The X16 is capable of “gigabit” speeds, which aren’t really gigabit anywhere outside test labs, but they’re the fastest speeds that current networks are capable of. As we saw in our Fastest Mobile Networks tests, the Samsung Galaxy S8’s “gigabit” system was noticeably faster than other phones even on pre-“gigabit” networks.
But alas, the iPhone 8 is not a gigabit phone after all. To hit gigabit speeds, you need three components: the modem, antennas for 4×4 MIMO, and software support for 256/64QAM encoding. We’ve learned that the iPhone 8 doesn’t have the four antennas needed for 4×4 MIMO, which would restrict it to either 600Mbps or 800Mbps, depending on the way the rest of the phone is configured.

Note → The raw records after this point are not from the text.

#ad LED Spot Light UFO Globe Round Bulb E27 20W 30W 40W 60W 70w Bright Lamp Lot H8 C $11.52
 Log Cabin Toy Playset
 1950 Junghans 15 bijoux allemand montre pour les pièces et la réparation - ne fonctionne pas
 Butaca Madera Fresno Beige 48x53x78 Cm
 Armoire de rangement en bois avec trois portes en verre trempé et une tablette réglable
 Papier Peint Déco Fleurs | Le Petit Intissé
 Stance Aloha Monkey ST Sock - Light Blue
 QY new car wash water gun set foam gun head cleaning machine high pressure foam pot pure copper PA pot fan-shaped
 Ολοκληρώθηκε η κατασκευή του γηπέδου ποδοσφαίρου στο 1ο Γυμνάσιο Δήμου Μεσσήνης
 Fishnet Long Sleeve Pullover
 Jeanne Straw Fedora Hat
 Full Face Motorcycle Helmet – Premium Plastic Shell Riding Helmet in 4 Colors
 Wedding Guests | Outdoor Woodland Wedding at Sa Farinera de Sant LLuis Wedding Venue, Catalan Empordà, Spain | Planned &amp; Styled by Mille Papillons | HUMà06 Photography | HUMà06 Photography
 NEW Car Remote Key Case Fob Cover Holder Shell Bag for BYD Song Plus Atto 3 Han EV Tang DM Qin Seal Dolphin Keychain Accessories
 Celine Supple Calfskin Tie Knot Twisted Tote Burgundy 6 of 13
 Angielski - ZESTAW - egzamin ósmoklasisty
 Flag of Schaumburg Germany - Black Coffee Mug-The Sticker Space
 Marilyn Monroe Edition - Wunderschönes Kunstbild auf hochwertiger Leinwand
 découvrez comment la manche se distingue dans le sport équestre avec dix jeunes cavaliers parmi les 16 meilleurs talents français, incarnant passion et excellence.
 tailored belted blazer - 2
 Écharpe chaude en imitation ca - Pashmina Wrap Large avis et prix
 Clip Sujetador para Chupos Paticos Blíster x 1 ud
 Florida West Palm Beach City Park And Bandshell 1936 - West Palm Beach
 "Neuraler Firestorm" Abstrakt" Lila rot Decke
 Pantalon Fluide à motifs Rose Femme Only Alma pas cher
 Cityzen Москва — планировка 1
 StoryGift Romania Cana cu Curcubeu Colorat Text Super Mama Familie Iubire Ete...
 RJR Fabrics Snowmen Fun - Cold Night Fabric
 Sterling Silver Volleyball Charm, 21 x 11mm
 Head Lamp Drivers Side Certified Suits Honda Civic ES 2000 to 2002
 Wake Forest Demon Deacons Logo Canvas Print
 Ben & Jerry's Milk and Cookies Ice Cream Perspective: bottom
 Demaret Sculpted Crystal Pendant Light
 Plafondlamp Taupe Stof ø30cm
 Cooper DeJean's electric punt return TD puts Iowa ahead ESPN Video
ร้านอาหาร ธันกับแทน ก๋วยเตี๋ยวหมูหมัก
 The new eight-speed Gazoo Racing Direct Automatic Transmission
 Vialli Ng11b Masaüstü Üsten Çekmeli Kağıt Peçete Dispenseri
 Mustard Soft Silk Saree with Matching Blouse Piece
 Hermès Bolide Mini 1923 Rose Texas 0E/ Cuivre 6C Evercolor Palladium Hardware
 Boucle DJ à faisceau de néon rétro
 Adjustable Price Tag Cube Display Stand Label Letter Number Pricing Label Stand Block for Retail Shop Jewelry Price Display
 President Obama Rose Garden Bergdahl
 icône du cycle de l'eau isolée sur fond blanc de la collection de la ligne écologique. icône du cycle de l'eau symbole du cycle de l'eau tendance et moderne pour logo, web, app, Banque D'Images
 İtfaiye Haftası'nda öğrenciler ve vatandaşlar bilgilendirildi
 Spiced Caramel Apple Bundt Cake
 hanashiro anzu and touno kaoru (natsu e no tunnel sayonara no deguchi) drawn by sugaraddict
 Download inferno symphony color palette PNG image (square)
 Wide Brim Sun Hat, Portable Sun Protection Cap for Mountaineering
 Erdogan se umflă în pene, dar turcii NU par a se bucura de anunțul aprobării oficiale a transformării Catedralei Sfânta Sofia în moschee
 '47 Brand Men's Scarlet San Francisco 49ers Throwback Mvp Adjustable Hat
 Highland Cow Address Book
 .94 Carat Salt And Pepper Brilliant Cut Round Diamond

The lack of 4×4 isn’t just about speed. 4×4 MIMO tends to improve coverage in edge and weak signal areas, which may contribute to why the iPhone 8 still takes longer to recover from dead zones than the Galaxy S8, in our testing.
You’ll still get better performance on the iPhone 8 versus the iPhone 7, which had Qualcomm’s Snapdragon X12, especially in Canada. The X16 supports four-carrier aggregation, which Bell and Telus in Canada are using to achieve real-world speeds pushing 500Mbps, according to our Fastest Mobile Networks Canada tests. The iPhone 7’s X12 only had three-carrier aggregation.
This Happened on Purpose
Apple could have put 4×4 MIMO antennas in its phone; it probably didn’t because of Intel.
There are three different SKUs of each iPhone 8 model: one with CDMA, one without, and one for Japan. We’re pretty sure the CDMA and Japan SKUs use the X16. But we think the third model uses an Intel modem, the XMM7480, which doesn’t support 4×4 MIMO. Apple doesn’t want the different models of its phone to perform very differently.